Once you reach the line with "Hand-painted Snail Bag", copy it and every line after it exactly, up to the end of the data. Omit the pictures.

RECORDS TO USE Start Marker

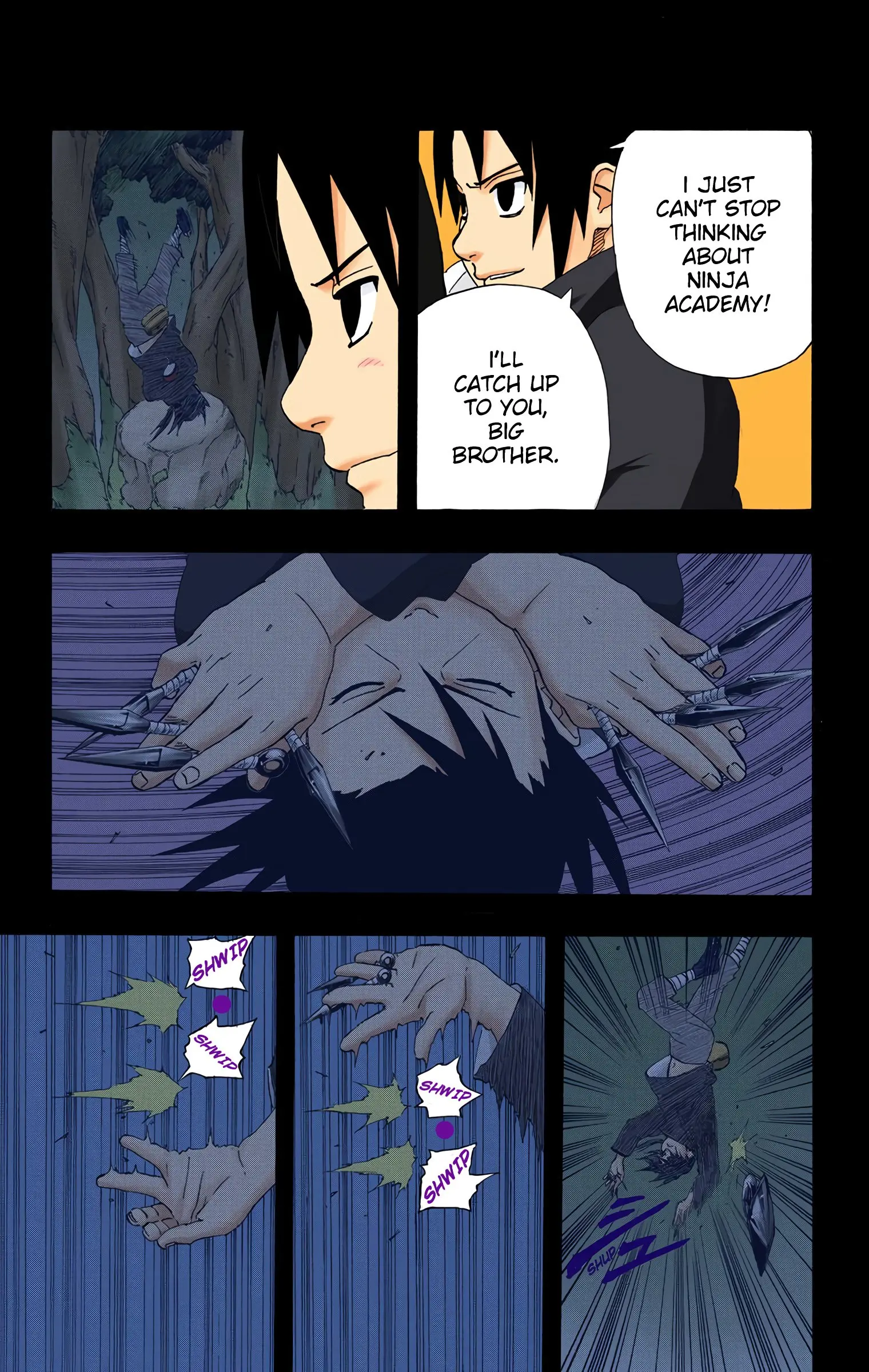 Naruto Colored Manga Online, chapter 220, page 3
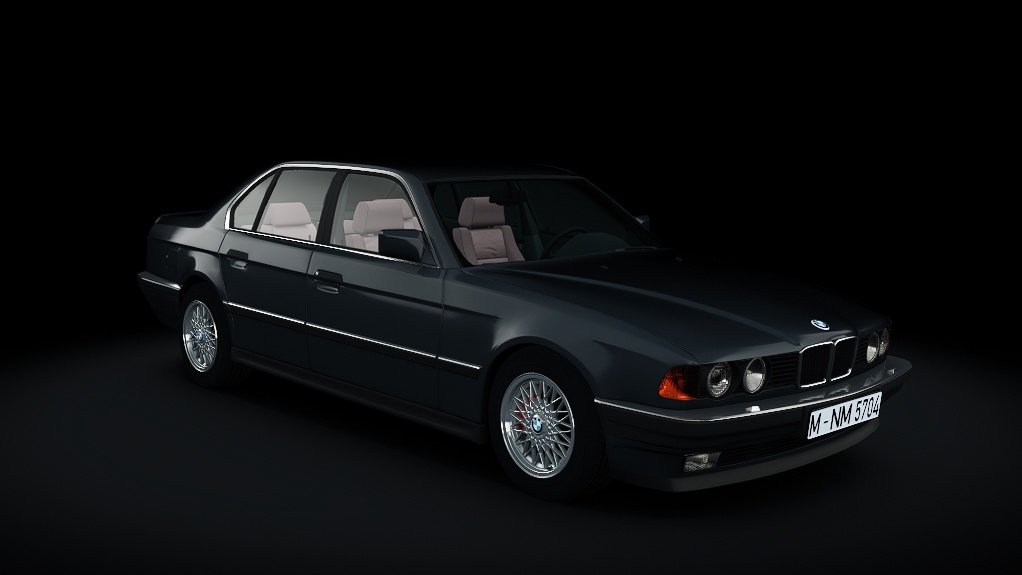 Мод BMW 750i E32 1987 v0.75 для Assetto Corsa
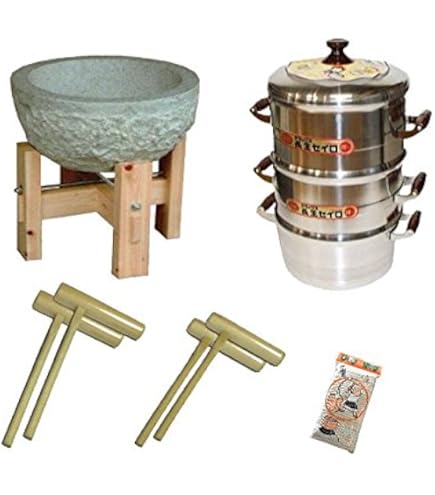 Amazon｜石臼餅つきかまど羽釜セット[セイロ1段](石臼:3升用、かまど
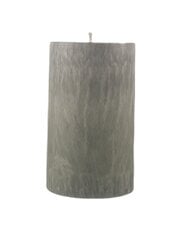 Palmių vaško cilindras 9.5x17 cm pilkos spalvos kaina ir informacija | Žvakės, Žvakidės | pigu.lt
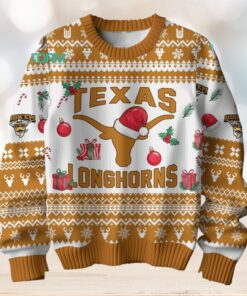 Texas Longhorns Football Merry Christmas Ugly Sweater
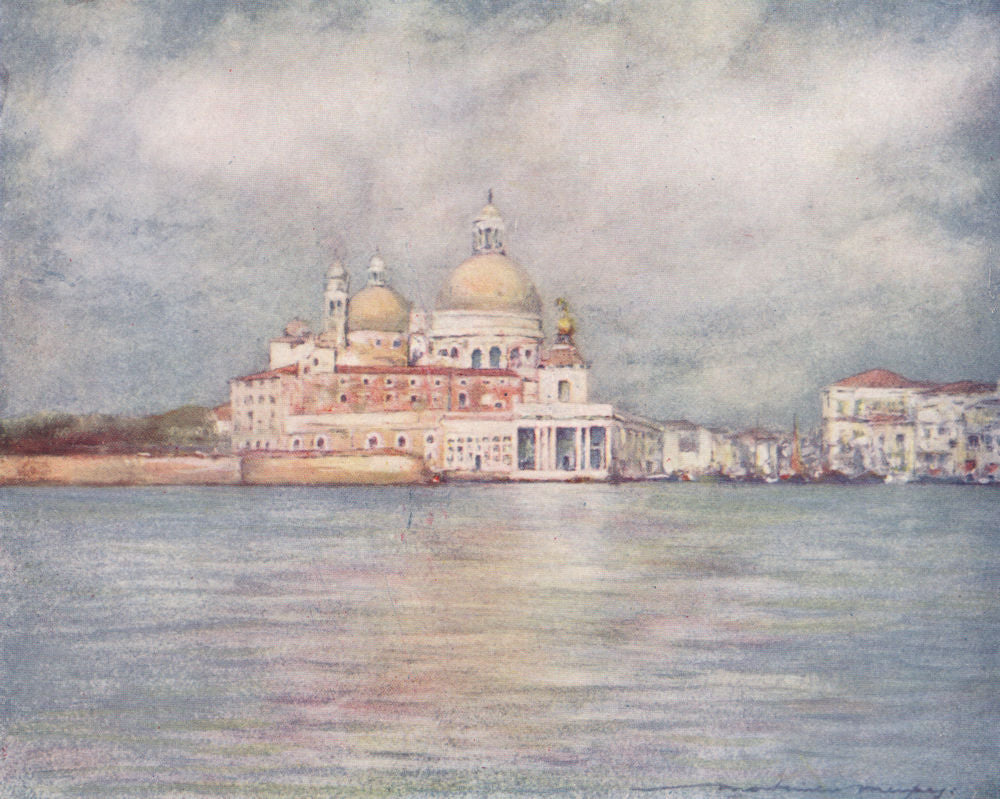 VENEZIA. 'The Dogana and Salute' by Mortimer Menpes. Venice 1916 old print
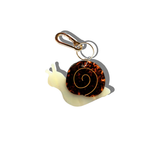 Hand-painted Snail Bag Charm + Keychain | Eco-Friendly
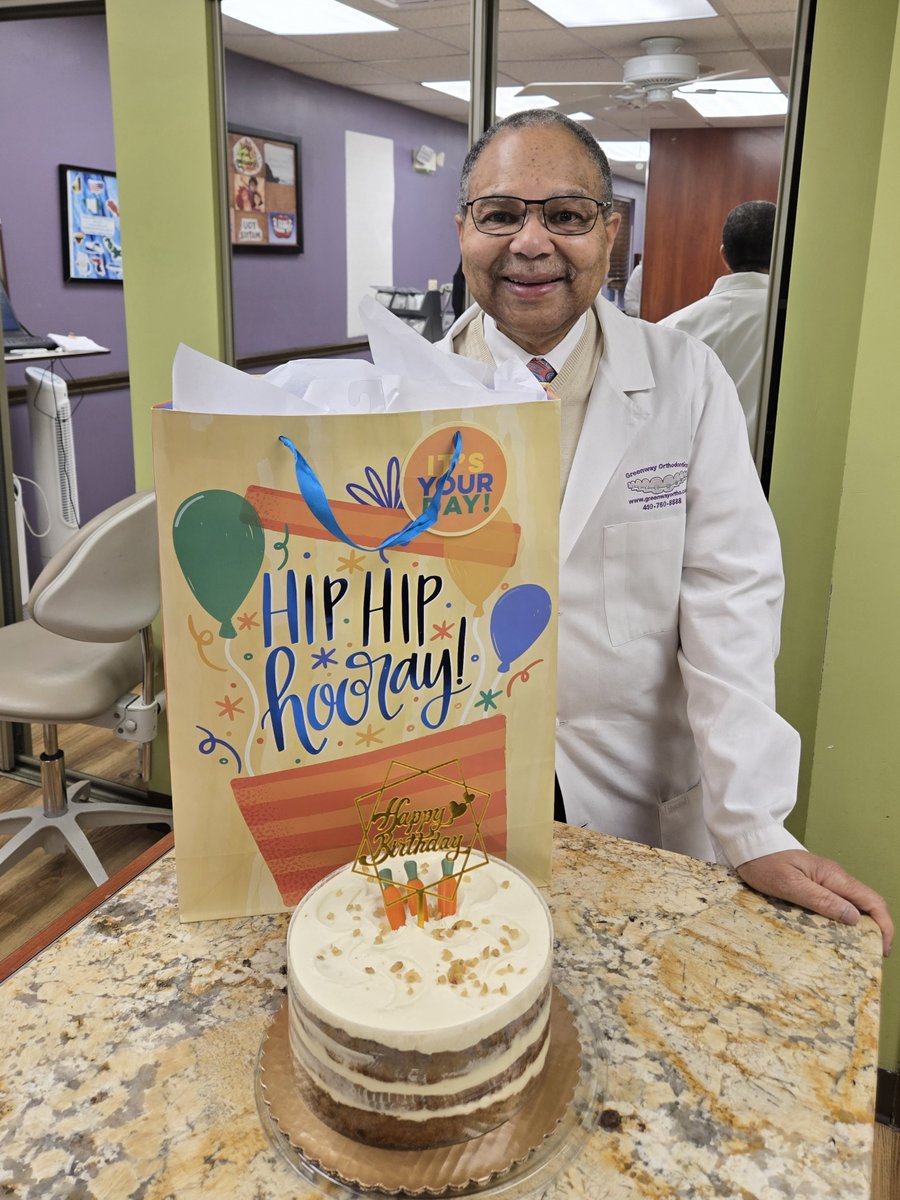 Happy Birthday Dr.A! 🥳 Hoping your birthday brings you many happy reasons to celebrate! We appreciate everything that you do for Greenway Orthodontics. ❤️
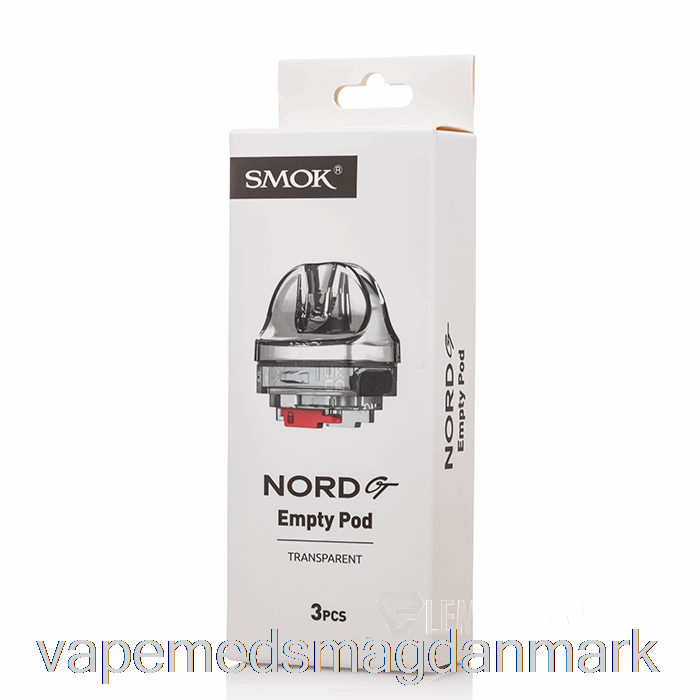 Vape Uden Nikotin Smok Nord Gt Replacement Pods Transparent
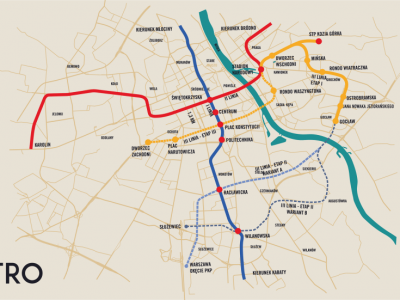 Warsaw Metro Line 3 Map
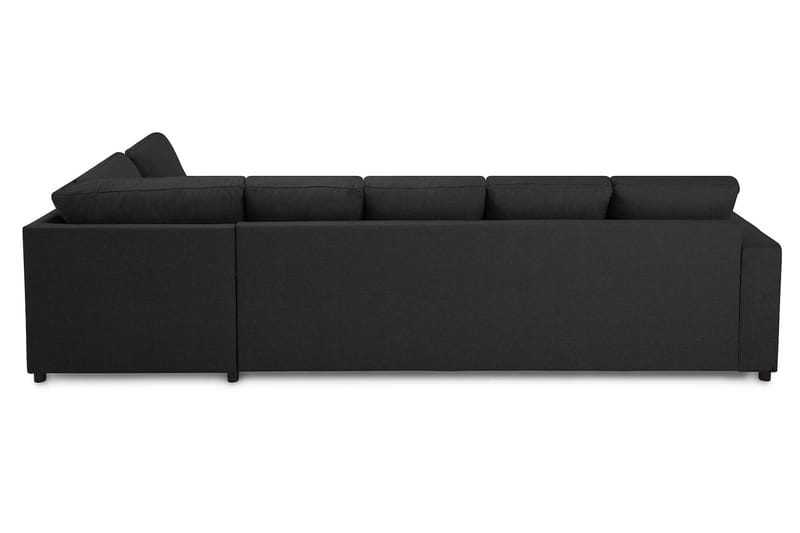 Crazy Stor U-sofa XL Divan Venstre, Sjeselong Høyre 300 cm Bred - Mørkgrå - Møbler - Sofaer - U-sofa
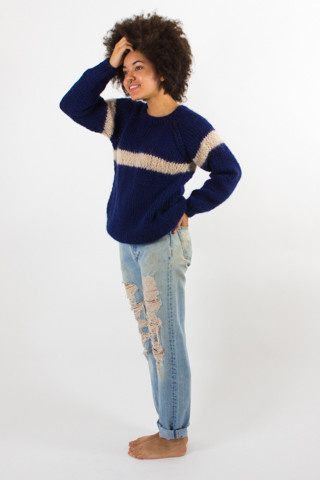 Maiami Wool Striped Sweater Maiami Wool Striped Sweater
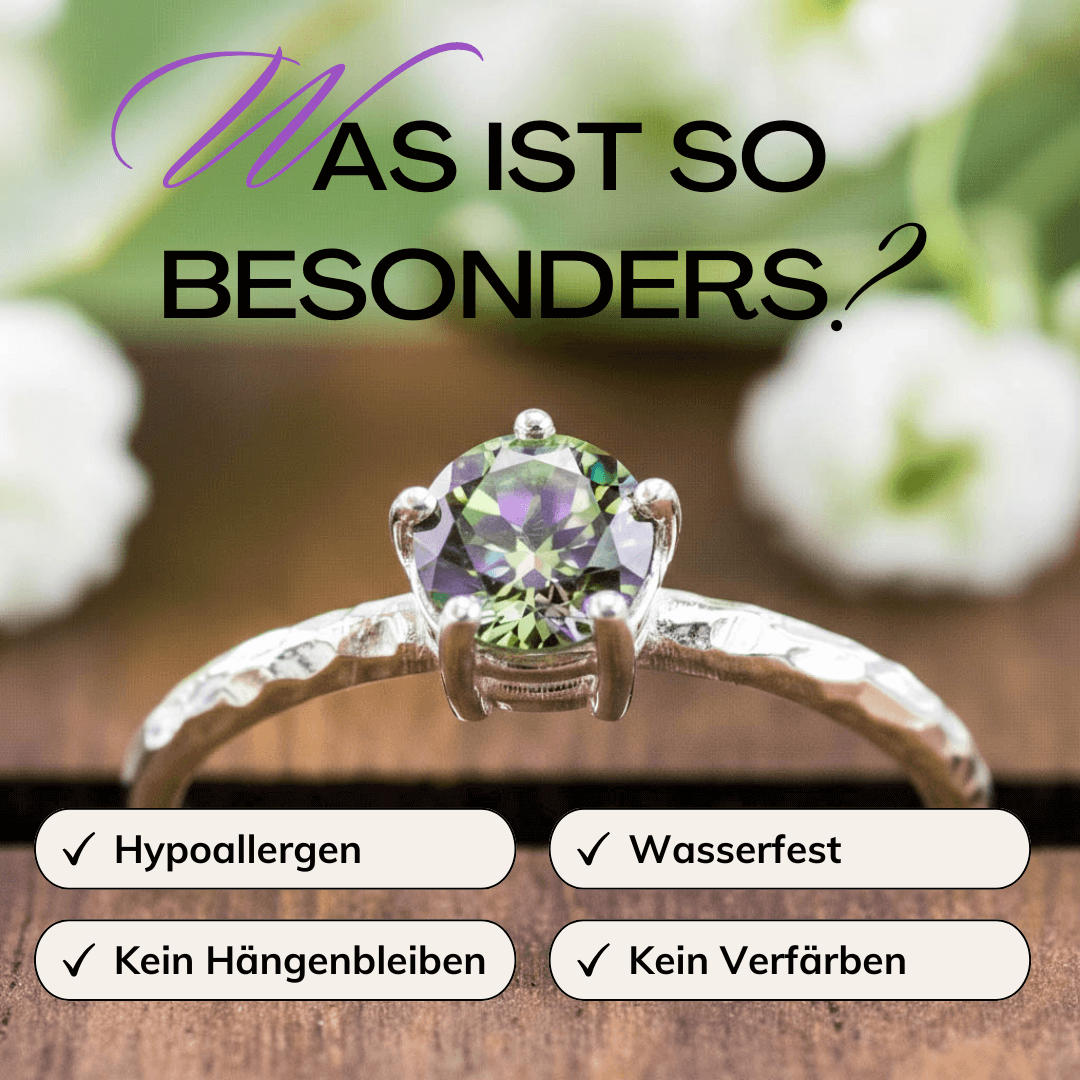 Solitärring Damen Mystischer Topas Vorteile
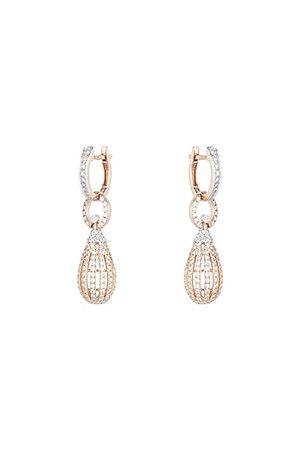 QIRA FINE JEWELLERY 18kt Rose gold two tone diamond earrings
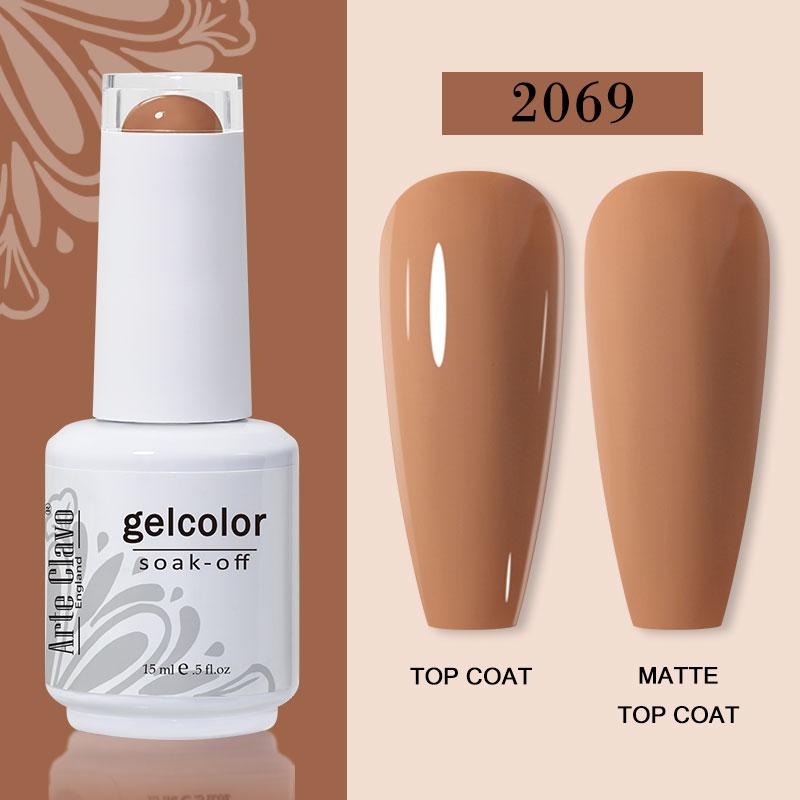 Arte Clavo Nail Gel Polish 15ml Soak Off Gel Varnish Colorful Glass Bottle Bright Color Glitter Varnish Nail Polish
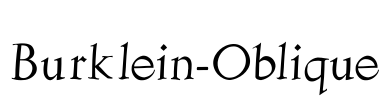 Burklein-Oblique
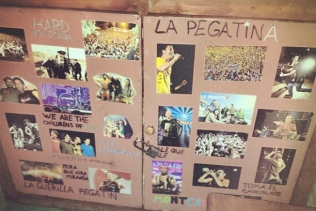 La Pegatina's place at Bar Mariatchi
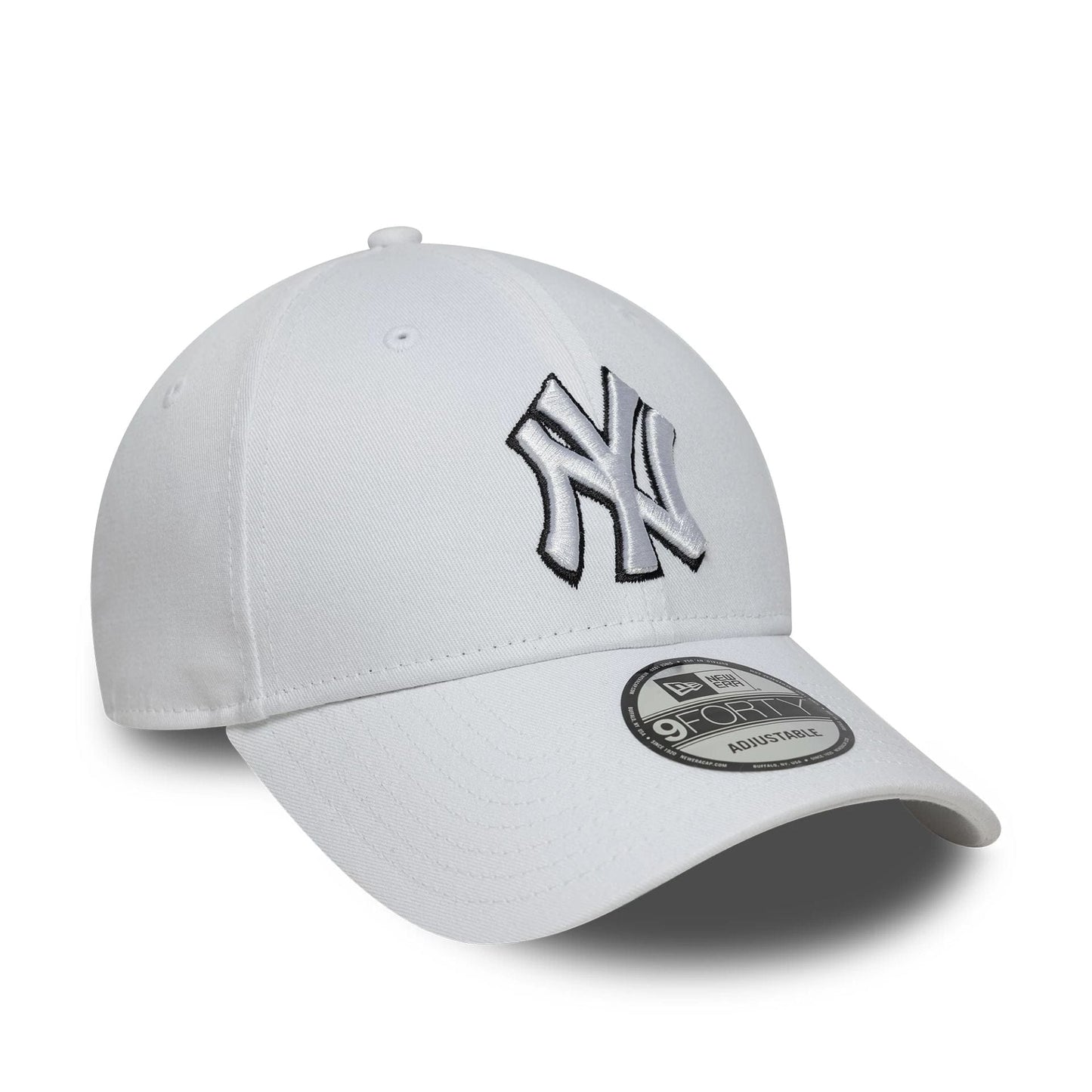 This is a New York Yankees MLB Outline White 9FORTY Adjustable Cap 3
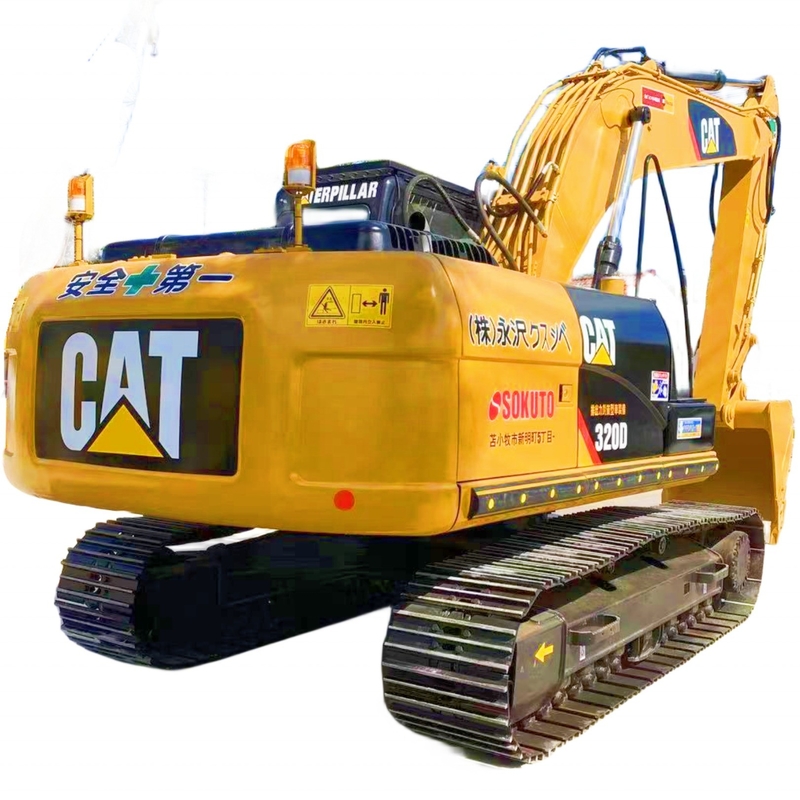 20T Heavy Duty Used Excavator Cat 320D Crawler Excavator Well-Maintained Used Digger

RECORDS TO USE End Marker

■ **RESULT OF THIS TASK**:
 Hand-painted Snail Bag Charm + Keychain | Eco-Friendly
 Happy Birthday Dr.A! 🥳 Hoping your birthday brings you many happy reasons to celebrate! We appreciate everything that you do for Greenway Orthodontics. ❤️
 Vape Uden Nikotin Smok Nord Gt Replacement Pods Transparent
 Warsaw Metro Line 3 Map
 Crazy Stor U-sofa XL Divan Venstre, Sjeselong Høyre 300 cm Bred - Mørkgrå - Møbler - Sofaer - U-sofa
 Maiami Wool Striped Sweater Maiami Wool Striped Sweater
 Solitärring Damen Mystischer Topas Vorteile
 QIRA FINE JEWELLERY 18kt Rose gold two tone diamond earrings
 Arte Clavo Nail Gel Polish 15ml Soak Off Gel Varnish Colorful Glass Bottle Bright Color Glitter Varnish Nail Polish
 Burklein-Oblique
 La Pegatina's place at Bar Mariatchi
 This is a New York Yankees MLB Outline White 9FORTY Adjustable Cap 3
 20T Heavy Duty Used Excavator Cat 320D Crawler Excavator Well-Maintained Used Digger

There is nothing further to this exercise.